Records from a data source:
[Start of Attachment]
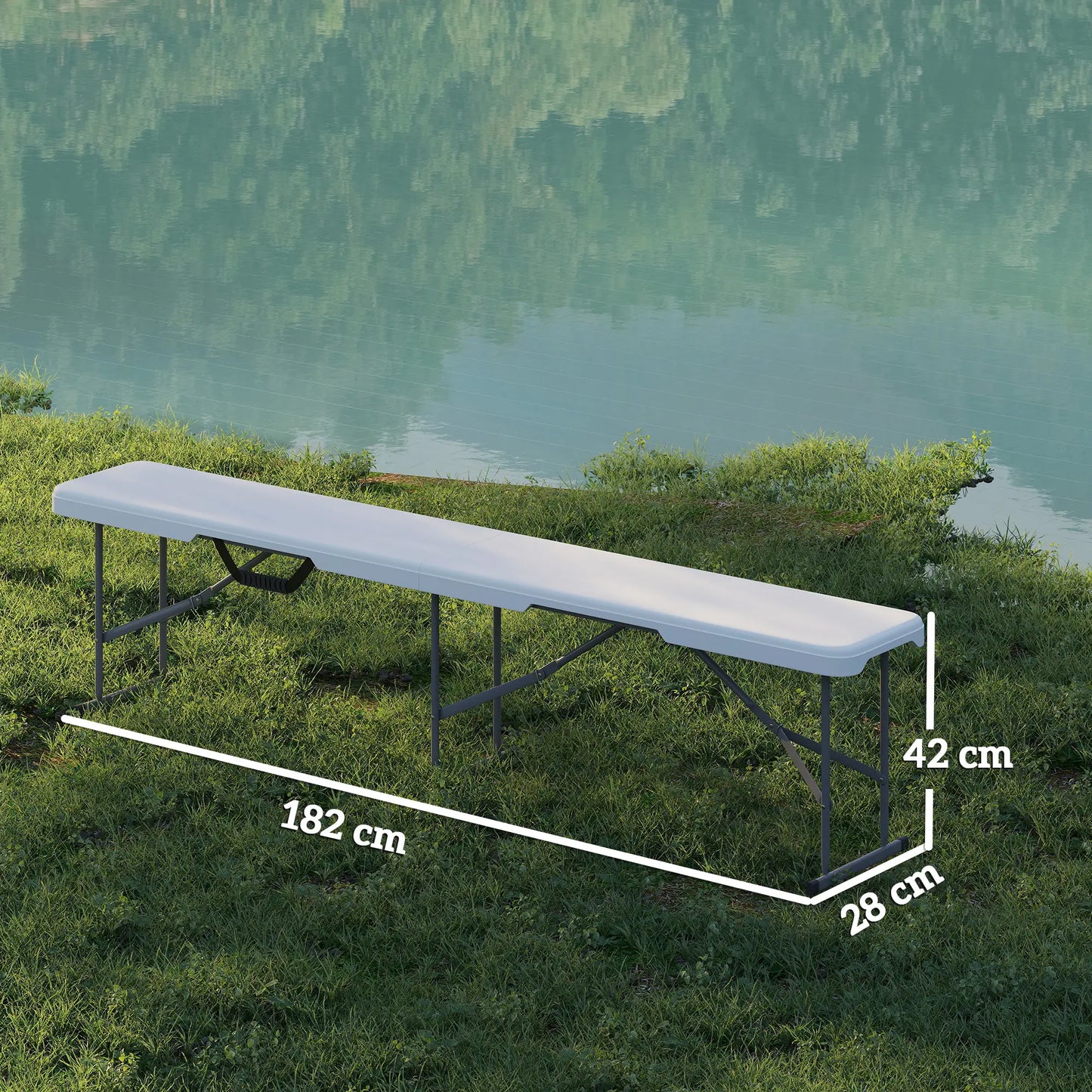 Nancy's Corsanico Campingbanken - Picknickbanken - Set van 2 - Opvouwbaar - Wit - ± 180 x 30 x 40 cm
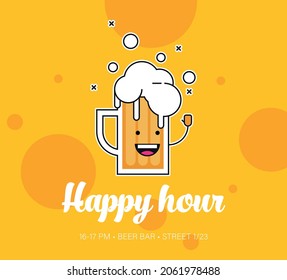 Beer. Flat icon vector isolated on color background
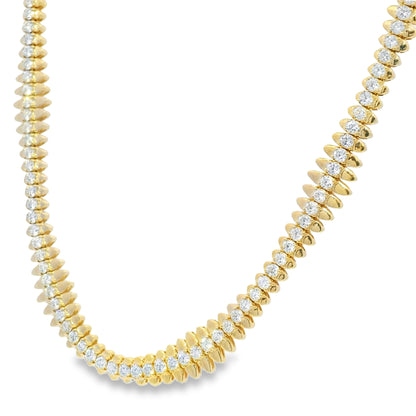 14k Yellow Gold Natural 5.04 Carat Diamond Spiked-Edge Necklace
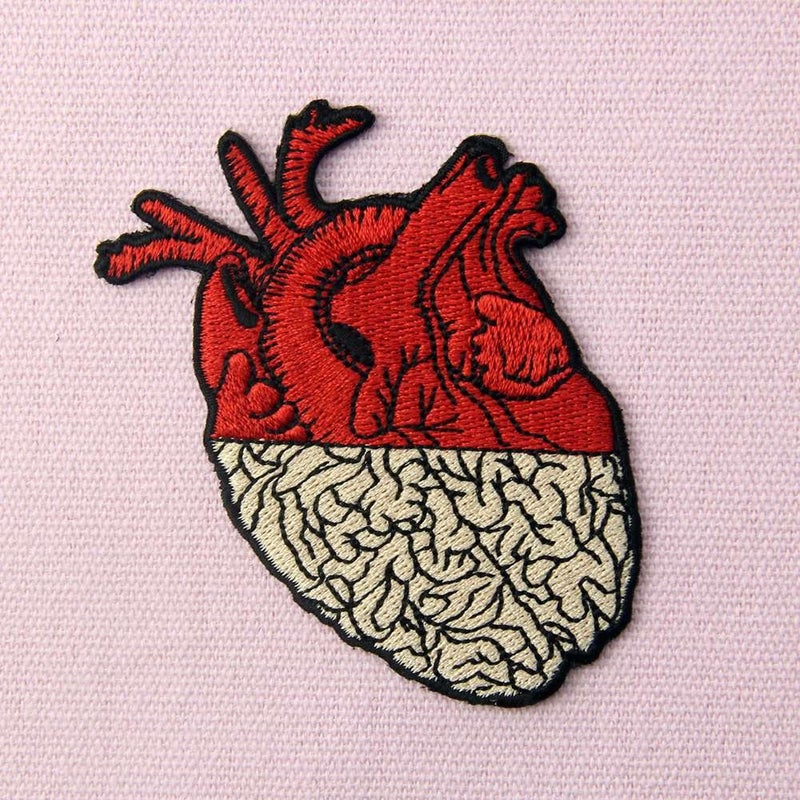 ZEGIN Heart & Brain Patch Embroidered Badge Iron On Sew On Emblem - Image 4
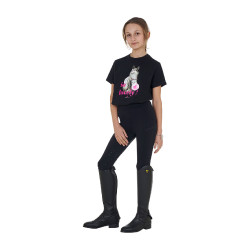 Meisjes T-shirt Equestro So Lovely van katoen met korte mouwen Zwart Meisjes T-shirt Equestro So Lovely van katoen met korte mouwen Zwart
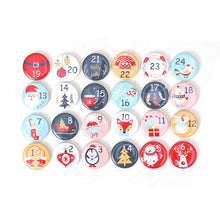 Load image into Gallery viewer, 24pcs Christmas Badges Santa Claus Snowflake Numbers Cartoon Label DIY Xmas Gift Bag Decortaion Badge
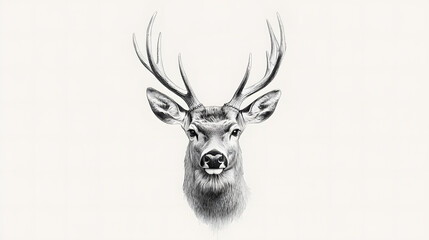 A drawing of a deer head in black and white Tattoo idea for wildlife forest and hunting theme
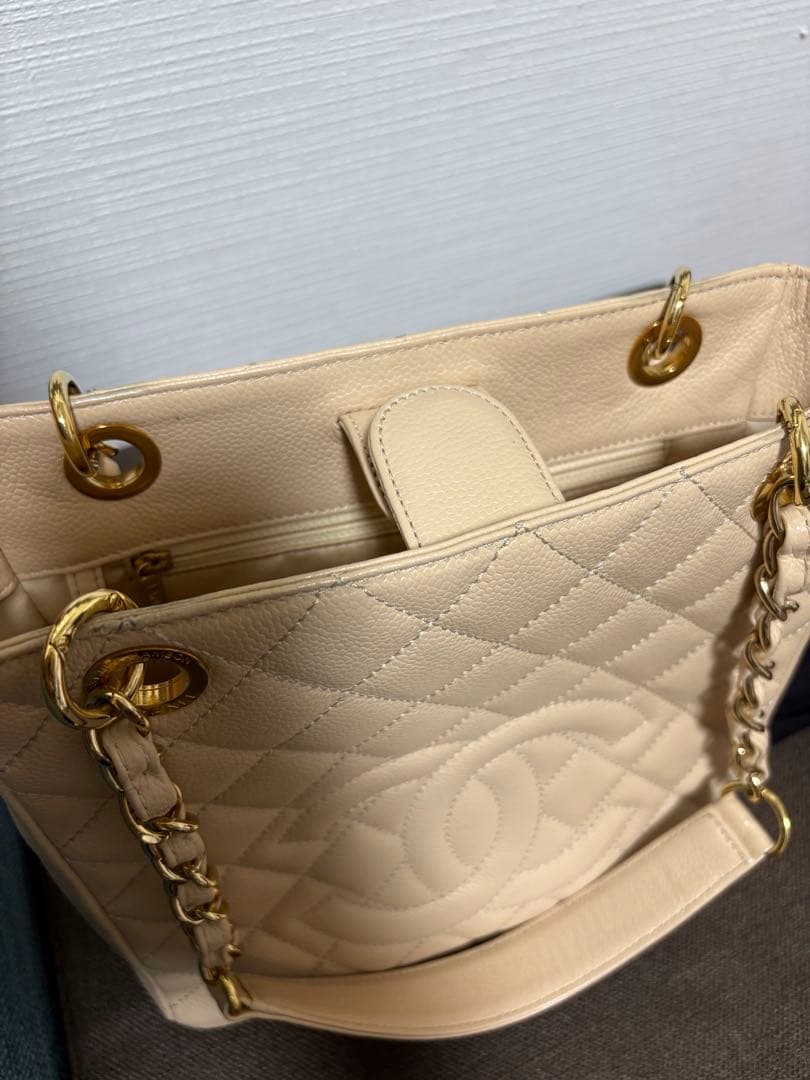 美品 シャネル マトラッセ チェーンショルダー キャビアスキン ベージュ
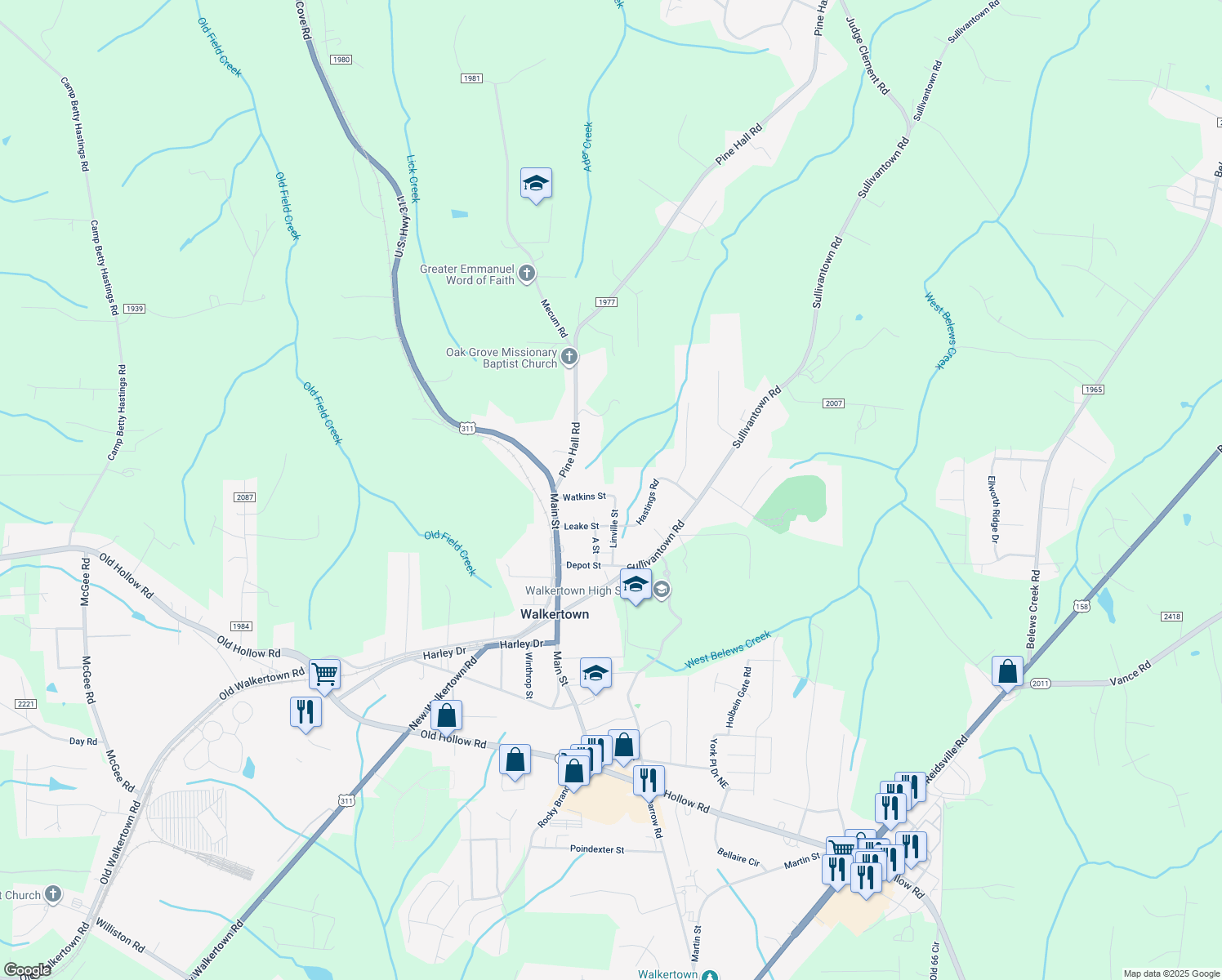 map of restaurants, bars, coffee shops, grocery stores, and more near 3785 Watkins Street in Walkertown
[End of Attachment]
Problem to work on: Omit the pictures. Write out exactly the lines from the one containing "14k Yellow Gold" through the last line of the entries, both of them included.

Reply to the task:
 14k Yellow Gold Natural 5.04 Carat Diamond Spiked-Edge Necklace
 ZEGIN Heart & Brain Patch Embroidered Badge Iron On Sew On Emblem - Image 4
 Meisjes T-shirt Equestro So Lovely van katoen met korte mouwen Zwart Meisjes T-shirt Equestro So Lovely van katoen met korte mouwen Zwart
 Load image into Gallery viewer, 24pcs Christmas Badges Santa Claus Snowflake Numbers Cartoon Label DIY Xmas Gift Bag Decortaion Badge
 A drawing of a deer head in black and white Tattoo idea for wildlife forest and hunting theme
 美品 シャネル マトラッセ チェーンショルダー キャビアスキン ベージュ
 map of restaurants, bars, coffee shops, grocery stores, and more near 3785 Watkins Street in Walkertown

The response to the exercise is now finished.